Его пугает, когда я погружаюсь в раздумья. Он боится, что я могу сойти с ума. Хотя моя вера потихоньку вытаскивает меня из бездны. Моя вера в параллельную реальность, где наши любимые живы, а мы сами – немного другие и отличаемся от нас здешних, как волна на гребне и в падении. Ведь человек – это тоже волна.

– Представляете! – кричит в трубку Аполлинария. – Я сейчас только что от Ларисы. Из всех претендентов она выбрала меня! Я буду вести страницу о Бореньке!

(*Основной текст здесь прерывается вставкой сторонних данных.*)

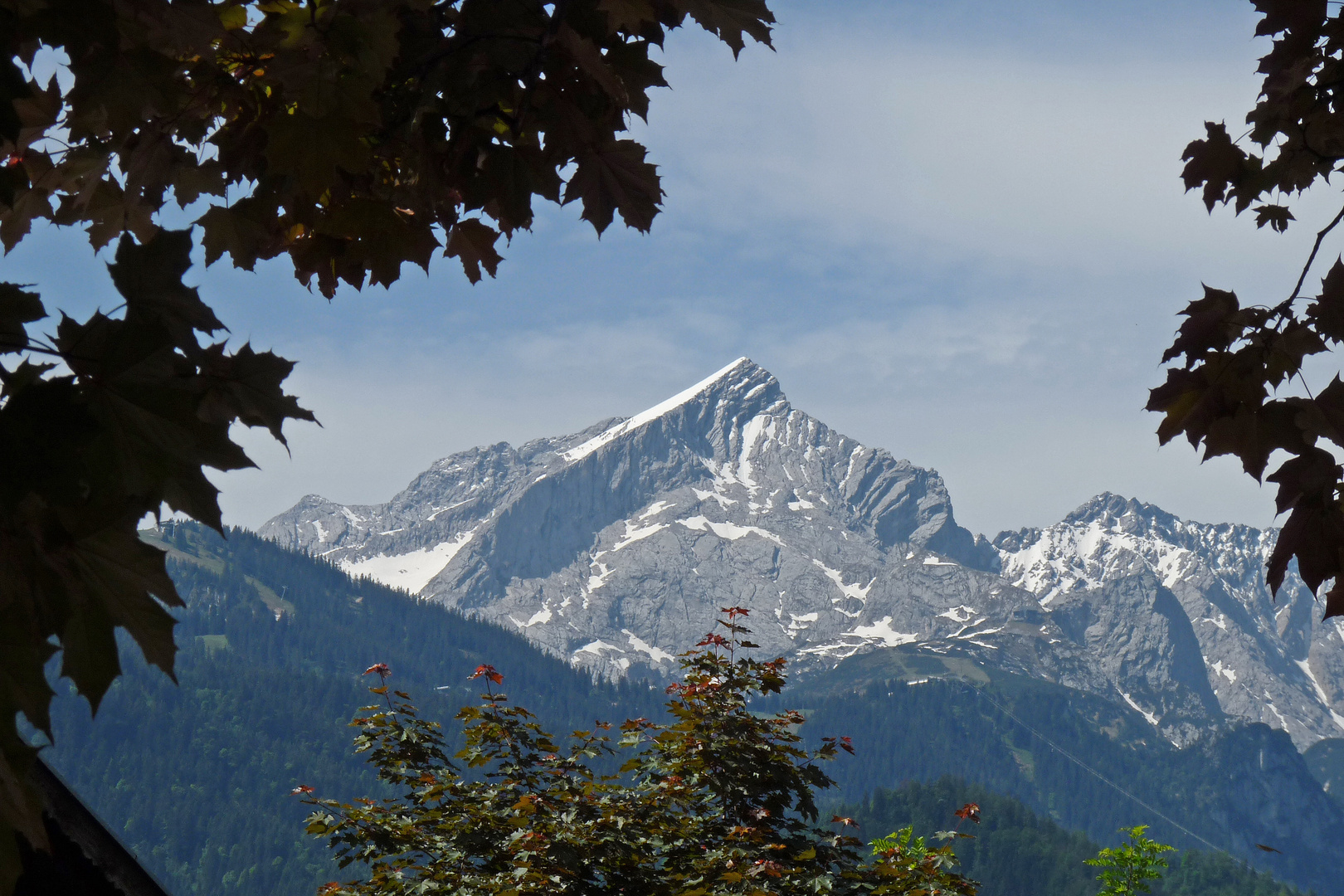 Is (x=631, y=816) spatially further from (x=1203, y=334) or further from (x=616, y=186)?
(x=616, y=186)

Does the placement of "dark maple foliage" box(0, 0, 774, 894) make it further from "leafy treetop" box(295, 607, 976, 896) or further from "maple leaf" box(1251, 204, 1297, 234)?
"leafy treetop" box(295, 607, 976, 896)

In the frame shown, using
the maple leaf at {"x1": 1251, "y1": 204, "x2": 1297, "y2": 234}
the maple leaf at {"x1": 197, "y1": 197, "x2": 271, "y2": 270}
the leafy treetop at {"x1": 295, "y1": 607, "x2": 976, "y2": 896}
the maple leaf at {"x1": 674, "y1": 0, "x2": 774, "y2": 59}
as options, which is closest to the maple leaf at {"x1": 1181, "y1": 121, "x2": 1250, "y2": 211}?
the maple leaf at {"x1": 1251, "y1": 204, "x2": 1297, "y2": 234}

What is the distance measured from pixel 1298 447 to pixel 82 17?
8.39 feet

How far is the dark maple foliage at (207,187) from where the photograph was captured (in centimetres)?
123

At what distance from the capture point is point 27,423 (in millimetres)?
1182

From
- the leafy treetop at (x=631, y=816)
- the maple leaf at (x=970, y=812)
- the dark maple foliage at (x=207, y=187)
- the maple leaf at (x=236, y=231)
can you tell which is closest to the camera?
the dark maple foliage at (x=207, y=187)

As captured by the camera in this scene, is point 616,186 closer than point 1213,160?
Yes

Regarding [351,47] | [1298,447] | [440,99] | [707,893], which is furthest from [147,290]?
[707,893]

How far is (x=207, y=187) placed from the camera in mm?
2635

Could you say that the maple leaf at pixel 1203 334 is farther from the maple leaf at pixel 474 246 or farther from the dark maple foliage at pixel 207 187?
the maple leaf at pixel 474 246

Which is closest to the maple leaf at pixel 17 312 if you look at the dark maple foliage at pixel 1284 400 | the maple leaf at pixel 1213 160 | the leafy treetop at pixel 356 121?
the leafy treetop at pixel 356 121

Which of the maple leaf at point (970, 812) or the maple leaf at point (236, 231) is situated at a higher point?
the maple leaf at point (236, 231)

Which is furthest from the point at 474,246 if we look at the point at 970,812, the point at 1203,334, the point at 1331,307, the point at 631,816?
the point at 970,812

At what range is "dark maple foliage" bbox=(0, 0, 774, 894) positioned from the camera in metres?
1.23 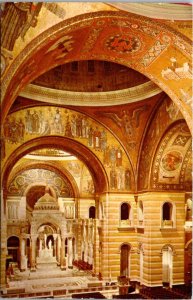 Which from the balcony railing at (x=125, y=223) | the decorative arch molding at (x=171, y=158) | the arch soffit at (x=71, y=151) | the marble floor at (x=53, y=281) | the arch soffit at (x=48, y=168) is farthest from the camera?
the arch soffit at (x=48, y=168)

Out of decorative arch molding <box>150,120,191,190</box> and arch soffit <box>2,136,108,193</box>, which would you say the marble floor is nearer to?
arch soffit <box>2,136,108,193</box>

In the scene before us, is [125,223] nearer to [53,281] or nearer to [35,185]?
[53,281]

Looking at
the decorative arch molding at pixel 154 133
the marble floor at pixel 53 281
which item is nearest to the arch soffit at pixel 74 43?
the decorative arch molding at pixel 154 133

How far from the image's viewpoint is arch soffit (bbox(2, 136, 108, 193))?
960 inches

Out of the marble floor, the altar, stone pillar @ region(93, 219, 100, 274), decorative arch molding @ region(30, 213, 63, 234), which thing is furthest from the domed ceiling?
the altar

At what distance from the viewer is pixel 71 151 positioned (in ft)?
86.7

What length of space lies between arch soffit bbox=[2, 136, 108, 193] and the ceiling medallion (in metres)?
11.3

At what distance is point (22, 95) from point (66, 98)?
267cm

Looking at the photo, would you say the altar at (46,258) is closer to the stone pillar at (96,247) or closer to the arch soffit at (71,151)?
the stone pillar at (96,247)

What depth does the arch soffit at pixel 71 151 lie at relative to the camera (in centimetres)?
2438

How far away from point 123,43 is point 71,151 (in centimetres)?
1345

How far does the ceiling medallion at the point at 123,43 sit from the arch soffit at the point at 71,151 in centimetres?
1130

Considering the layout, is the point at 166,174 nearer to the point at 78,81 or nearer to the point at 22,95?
the point at 78,81

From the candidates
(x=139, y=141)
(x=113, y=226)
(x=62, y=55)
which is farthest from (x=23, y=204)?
(x=62, y=55) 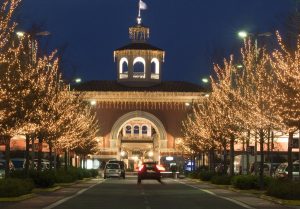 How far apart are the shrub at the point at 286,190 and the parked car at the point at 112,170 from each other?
50.9 m

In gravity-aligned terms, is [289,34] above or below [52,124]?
above

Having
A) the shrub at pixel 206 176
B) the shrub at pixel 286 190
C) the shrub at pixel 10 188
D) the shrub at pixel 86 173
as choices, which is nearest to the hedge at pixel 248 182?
the shrub at pixel 286 190

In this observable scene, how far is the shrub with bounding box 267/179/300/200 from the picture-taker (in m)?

В первое мгновение, не успевая переключиться, я думаю, что у Аполлинарии опять обострение. Но быстро вспоминаю о светлом мальчике – и стыжусь своих сомнений. Убеждаю себя, что страница, значит, уже популярная, если для нее нужны помощники. А Полли мастерица по этой части! У нее чуть ли не стотысячное воинство в Одноклассниках, которых я считала чем‑то вроде старческих дневных телешоу, но Полли меня горячо разубедила. В общем, вести страницу о Бореньке – дело благородное и богоугодное. Если, конечно, оно не предназначено для шельмования невиновного несчастного человека. О чем я тут же и проговариваюсь. Аполлинария в ответ скомканно прощается – якобы ее зовет мама чистить рыбу – и кладет трубку.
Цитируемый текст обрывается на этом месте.